### Task brief:
Return the entries below verbatim. Pictures stay out.

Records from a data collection
------------

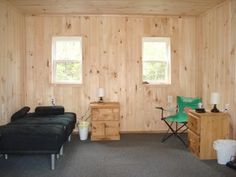 a living room with wood paneling and two black couches in front of windows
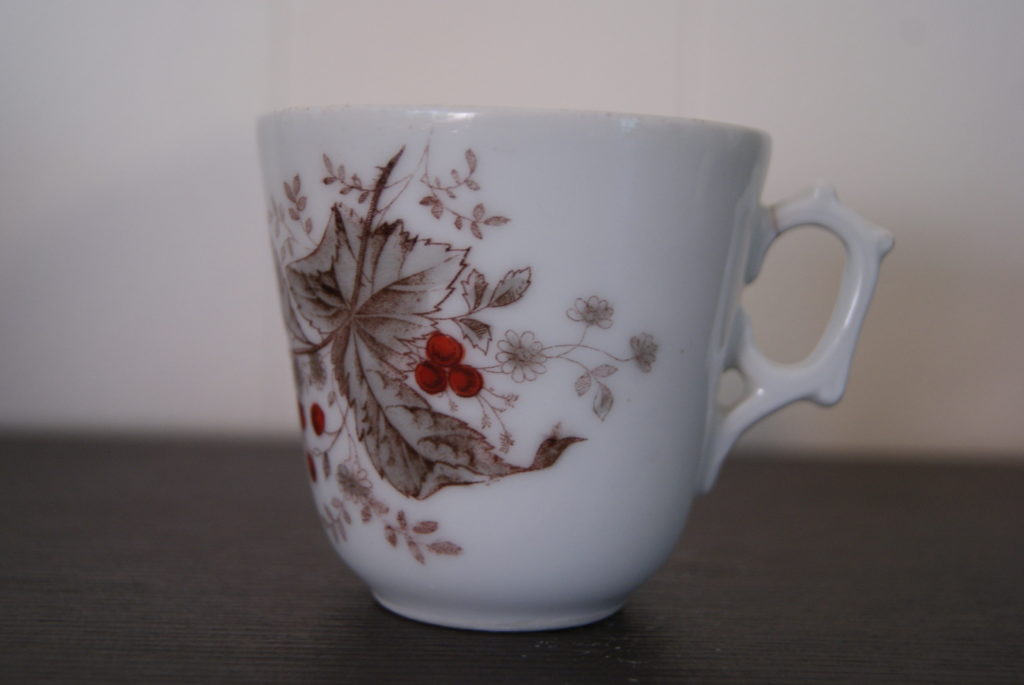 Porsgrund coffee cup with bird on rowan. Leaves, flowers and red fruits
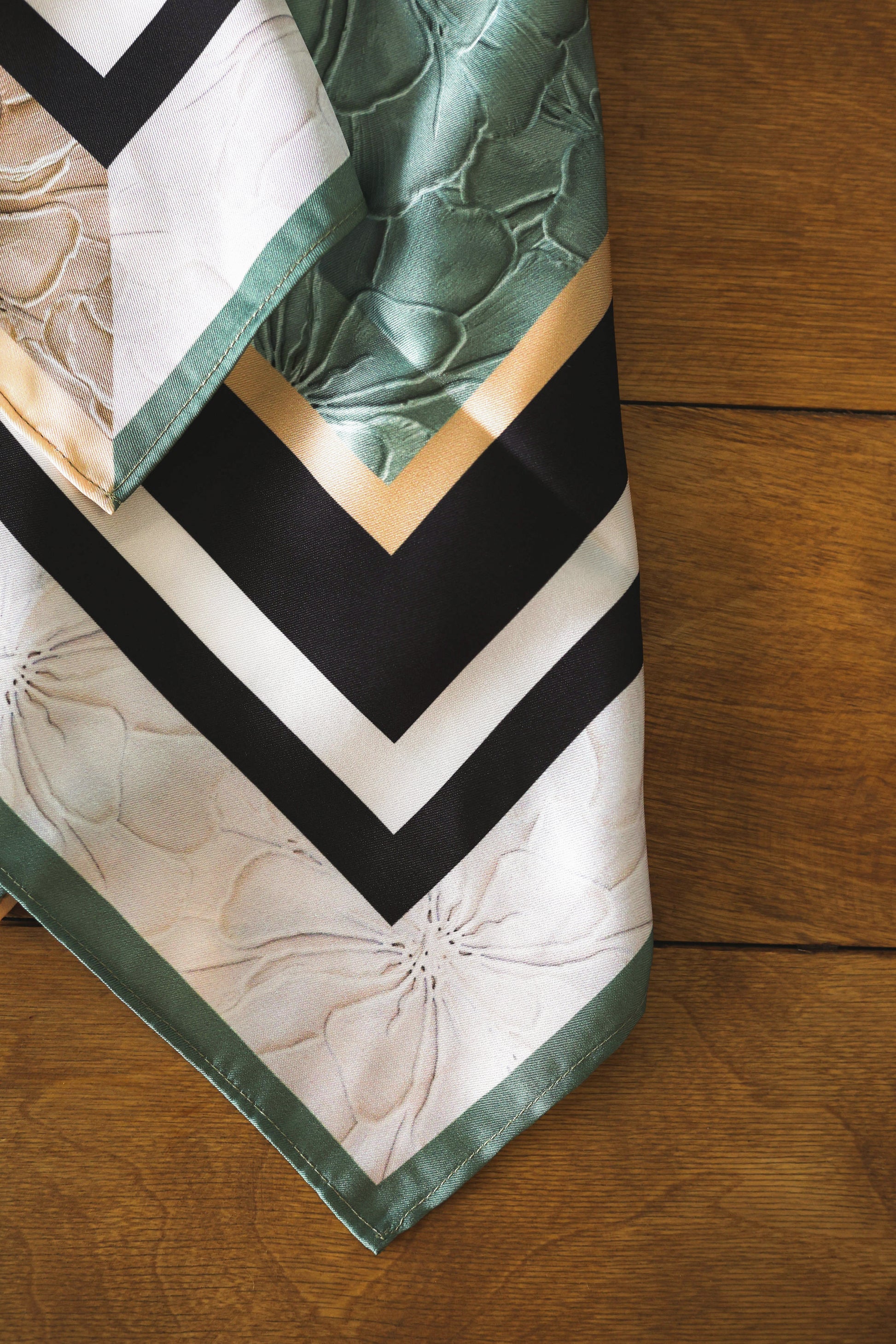 Scarf with a pattern on a wooden surface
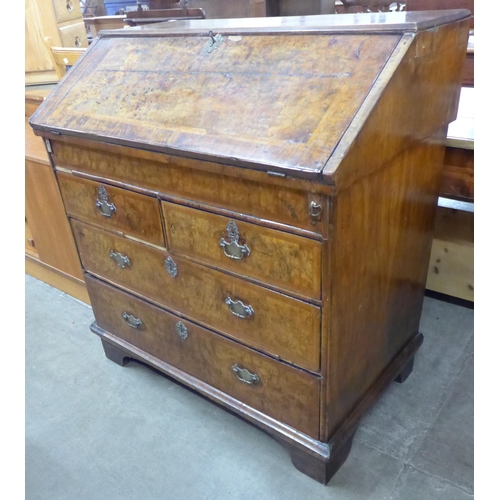 104 - A Queen Anne figured walnut bureau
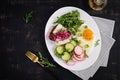 Fried egg, fresh vegetable salad and lard sandwich. Keto diet. Top view Royalty Free Stock Photo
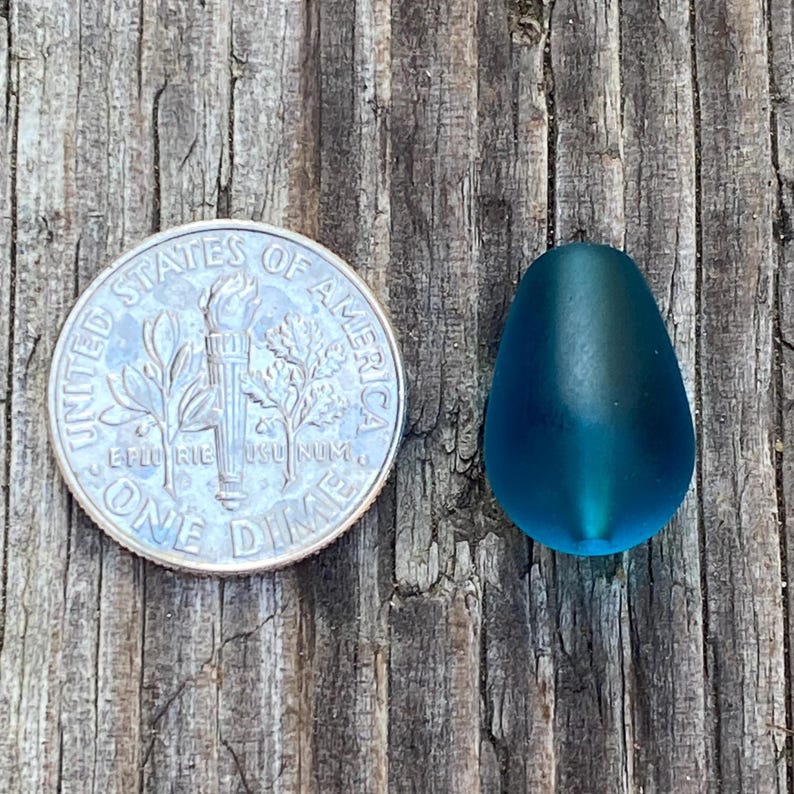 May include: A smooth, matte, teardrop-shaped bead in a deep teal blue color. The bead is positioned next to a United States dime, which has a diameter of 0.705 inches, providing a clear visual reference for the size of the bead.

------------

### Task output:
 a living room with wood paneling and two black couches in front of windows
 Porsgrund coffee cup with bird on rowan. Leaves, flowers and red fruits
 Scarf with a pattern on a wooden surface
 104 - A Queen Anne figured walnut bureau
 Fried egg, fresh vegetable salad and lard sandwich. Keto diet. Top view Royalty Free Stock Photo
 May include: A smooth, matte, teardrop-shaped bead in a deep teal blue color. The bead is positioned next to a United States dime, which has a diameter of 0.705 inches, providing a clear visual reference for the size of the bead.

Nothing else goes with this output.